El Instituto de Estudios y Análisis Económica (Isae) en julio último hizo un estudio sobre la pobreza "subjetiva" -que se diferencia de la pobreza "objetiva", resultado de datos objetivos-, e indicó que uno de cada dos italianos considera que es pobre o que no gana lo suficiente. El Isae no apuntaba a "identificar a un grupo de sujetos que vive en una condición económica significativamente peor que el promedio de la población", sino al contrario, el grado de insatisfacción respecto de los propios niveles de ingreso.

"La gente tuvo que ajustarse el cinturón; siente que llega a fin de mes, pero con mucho más esfuerzo. Y la cuestión no es poder comprarse una Ferrari, sino poder comprarles a los chicos un helado todos los días", explicó Chiara Saraceno, socióloga de la Universidad de Turín.

"El empobrecimiento no es una sensación; es una realidad", dice Federico, que vive en Ostia, a pocos kilómetros de Roma, pero sobre el mar Tirreno. "La nueva categoría de pobres son las familias de clase media. Yo vivo en Ostia, por lo que nunca voy de vacaciones porque tengo el mar ahí, pero de no ser así, no podría irme a ningún lado con los precios que hay ahora", detalla.

Para Federico, al igual que para la mayoría de los italianos, la culpa de todo es del euro. "El euro duplicó los costos del presupuesto familiar, sobre todo en el rubro alimentos, y el fin de salidas al restaurante, al cine o al parque de diversiones", advierte.

Claudio Civita, analista financiero de Unicredit, uno de los bancos más importantes de Italia, coincide. "El euro fue algo como una masacre para quienes tienen un sueldo fijo", dijo a LA NACION. "Aunque estoy convencido de que el verdadero problema de Italia es el trabajo en negro, es trágicamente cierto que nosotros nos estamos pareciendo cada vez más a un país sudamericano: la clase media es la que más sufre, es una franja que está desapareciendo, y los ricos son cada vez más ricos y los pobres, más pobres", agregó.

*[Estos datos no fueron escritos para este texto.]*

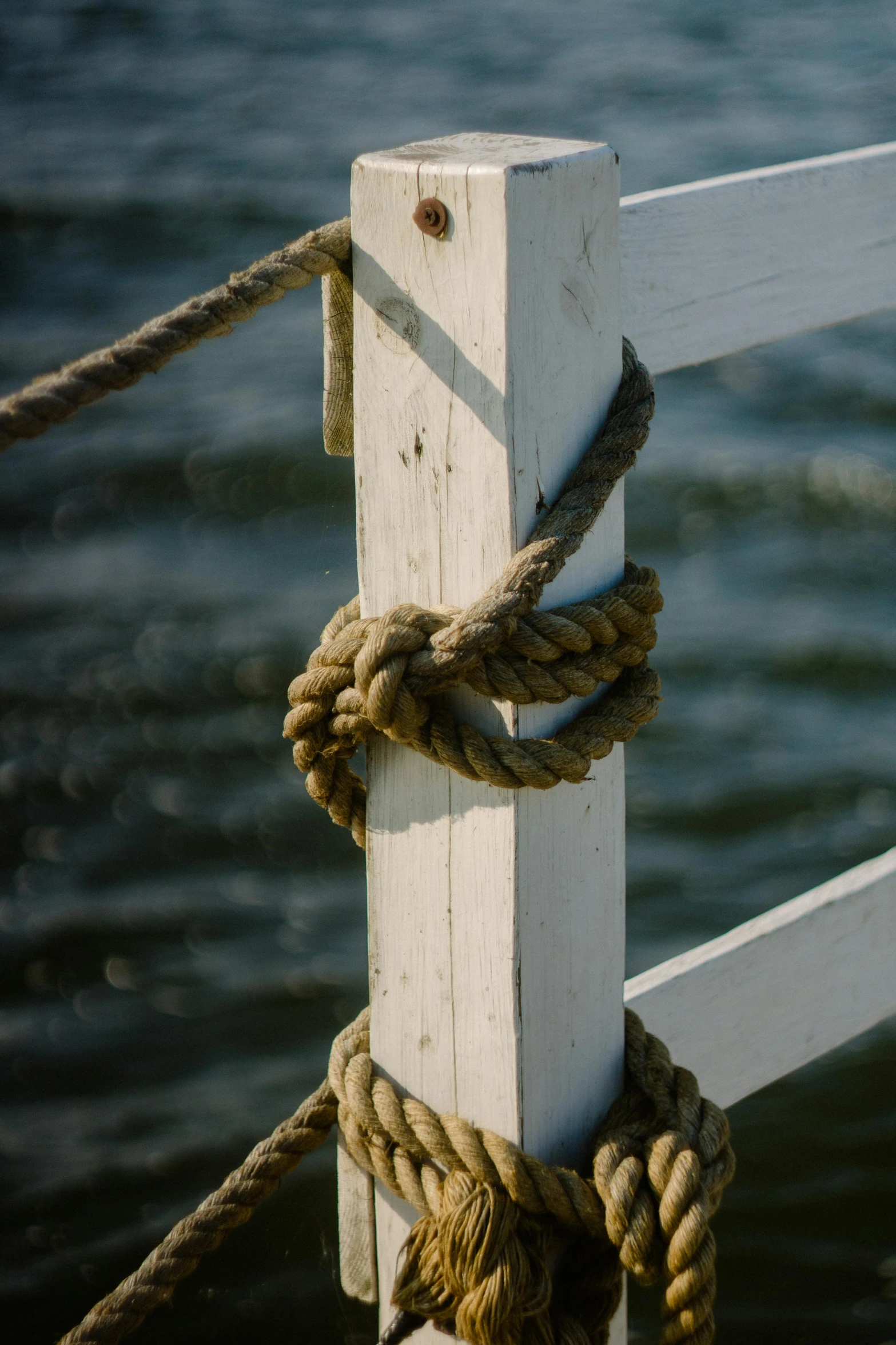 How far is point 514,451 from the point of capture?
81 cm

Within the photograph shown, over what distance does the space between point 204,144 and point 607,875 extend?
5.20 meters

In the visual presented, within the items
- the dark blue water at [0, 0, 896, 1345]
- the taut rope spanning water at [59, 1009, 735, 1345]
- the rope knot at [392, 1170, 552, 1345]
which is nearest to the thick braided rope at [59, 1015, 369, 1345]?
the taut rope spanning water at [59, 1009, 735, 1345]

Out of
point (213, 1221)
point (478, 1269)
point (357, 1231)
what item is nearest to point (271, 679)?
point (357, 1231)

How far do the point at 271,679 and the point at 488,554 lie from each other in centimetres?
257

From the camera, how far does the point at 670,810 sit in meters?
3.03

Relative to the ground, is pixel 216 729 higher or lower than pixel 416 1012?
lower

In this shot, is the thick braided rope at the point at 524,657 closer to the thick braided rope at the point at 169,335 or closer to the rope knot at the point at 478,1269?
the thick braided rope at the point at 169,335

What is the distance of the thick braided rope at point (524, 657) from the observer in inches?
32.1

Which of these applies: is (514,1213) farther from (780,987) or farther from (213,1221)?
(780,987)

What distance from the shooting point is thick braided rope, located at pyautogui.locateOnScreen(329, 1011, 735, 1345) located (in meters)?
0.89

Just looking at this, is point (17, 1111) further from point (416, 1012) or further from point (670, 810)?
point (416, 1012)

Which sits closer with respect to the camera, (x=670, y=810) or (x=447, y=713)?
(x=447, y=713)

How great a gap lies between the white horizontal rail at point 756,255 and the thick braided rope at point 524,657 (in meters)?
0.11

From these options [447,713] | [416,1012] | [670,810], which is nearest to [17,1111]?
[670,810] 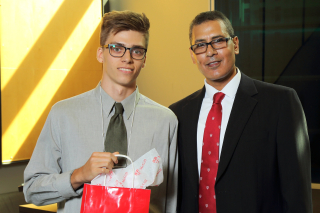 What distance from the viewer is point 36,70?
16.9 feet

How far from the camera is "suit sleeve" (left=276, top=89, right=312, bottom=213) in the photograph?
71.6 inches

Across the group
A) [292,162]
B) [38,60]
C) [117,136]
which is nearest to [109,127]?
[117,136]

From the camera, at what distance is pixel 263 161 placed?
1.86m

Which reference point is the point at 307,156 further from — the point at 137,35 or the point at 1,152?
the point at 1,152

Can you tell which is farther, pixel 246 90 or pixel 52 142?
pixel 246 90

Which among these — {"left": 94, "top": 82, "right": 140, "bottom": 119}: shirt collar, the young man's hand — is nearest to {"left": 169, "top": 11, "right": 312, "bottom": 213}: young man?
{"left": 94, "top": 82, "right": 140, "bottom": 119}: shirt collar

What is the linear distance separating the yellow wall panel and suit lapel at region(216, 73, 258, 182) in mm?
3916

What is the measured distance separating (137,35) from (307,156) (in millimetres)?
1208

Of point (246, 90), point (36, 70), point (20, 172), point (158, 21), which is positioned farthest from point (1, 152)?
point (246, 90)

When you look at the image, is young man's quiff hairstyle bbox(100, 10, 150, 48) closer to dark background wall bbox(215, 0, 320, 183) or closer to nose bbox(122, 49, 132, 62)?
nose bbox(122, 49, 132, 62)

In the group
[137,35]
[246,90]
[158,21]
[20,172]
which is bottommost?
[20,172]

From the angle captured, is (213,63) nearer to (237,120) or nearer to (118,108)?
(237,120)

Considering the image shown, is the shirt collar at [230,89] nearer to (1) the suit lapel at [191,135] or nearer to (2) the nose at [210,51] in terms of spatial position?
(1) the suit lapel at [191,135]

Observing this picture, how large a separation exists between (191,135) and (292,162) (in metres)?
0.58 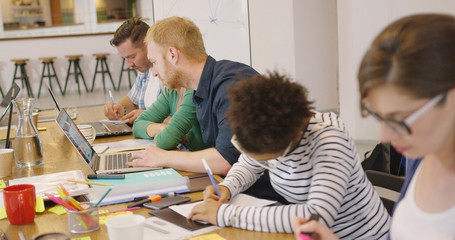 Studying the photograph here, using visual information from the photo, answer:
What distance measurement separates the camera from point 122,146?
7.93 feet

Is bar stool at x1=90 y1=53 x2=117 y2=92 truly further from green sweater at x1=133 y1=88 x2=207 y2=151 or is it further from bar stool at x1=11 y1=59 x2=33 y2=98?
green sweater at x1=133 y1=88 x2=207 y2=151

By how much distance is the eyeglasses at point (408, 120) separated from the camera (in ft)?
2.86

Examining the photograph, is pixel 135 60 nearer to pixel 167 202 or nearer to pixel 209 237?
pixel 167 202

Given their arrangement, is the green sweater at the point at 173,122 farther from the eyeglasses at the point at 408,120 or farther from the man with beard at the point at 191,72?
the eyeglasses at the point at 408,120

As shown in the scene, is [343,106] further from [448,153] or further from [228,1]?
[448,153]

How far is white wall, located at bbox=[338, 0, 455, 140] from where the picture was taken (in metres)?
4.26

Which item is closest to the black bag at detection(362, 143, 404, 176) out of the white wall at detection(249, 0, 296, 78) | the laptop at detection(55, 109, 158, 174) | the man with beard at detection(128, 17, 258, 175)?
the man with beard at detection(128, 17, 258, 175)

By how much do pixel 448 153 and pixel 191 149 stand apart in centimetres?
152

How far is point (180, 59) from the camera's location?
7.13ft

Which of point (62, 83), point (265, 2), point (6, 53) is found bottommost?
point (62, 83)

En este marco, y a medida que se acercan las elecciones legislativas de abril del año próximo, no sorprende que la economía se haya vuelto uno de los temas más candentes de la campaña. El premier Silvio Berlusconi, que aspira a otro mandato, acusa a la Unión, coalición de centroizquierda liderada por Romano Prodi, de ser alarmista, y afirma que las cosas no van tan mal, y que no es cierto que Italia se ha empobrecido. El presidente Carlo Azeglio Ciampi, figura imparcial y prestigiosa, no obstante, el viernes último no ocultó su preocupación al afirmar que la economía del país languidece.

"Con las elecciones tan cerca, es lógico que la centroderecha tienda a amplificar todo lo que cree que ha hecho bien en términos económicos, y que, por otro lado, la centroizquierda tienda a gritar que todo es una catástrofe, y que Italia se ha empobrecido", dijo Civita. "La verdad está en el medio", opinó.

La dolce vita -tiempos lejanos de diversión, cine, compras compulsivas, salidas a comer afuera varias veces por semana, y consumo frenético-, se han acabado para la mayoría de los italianos. No por nada la mujer de Federico, el quiosquero, va a empezar a trabajar ella también, al frente de una librería. "Así, con dos sueldos, quizás vamos a estar mejor".

Elisabetta Piqué


Fuente: diario La Nación, de Buenos Aires, Argentina; 31 de octubre de 2005.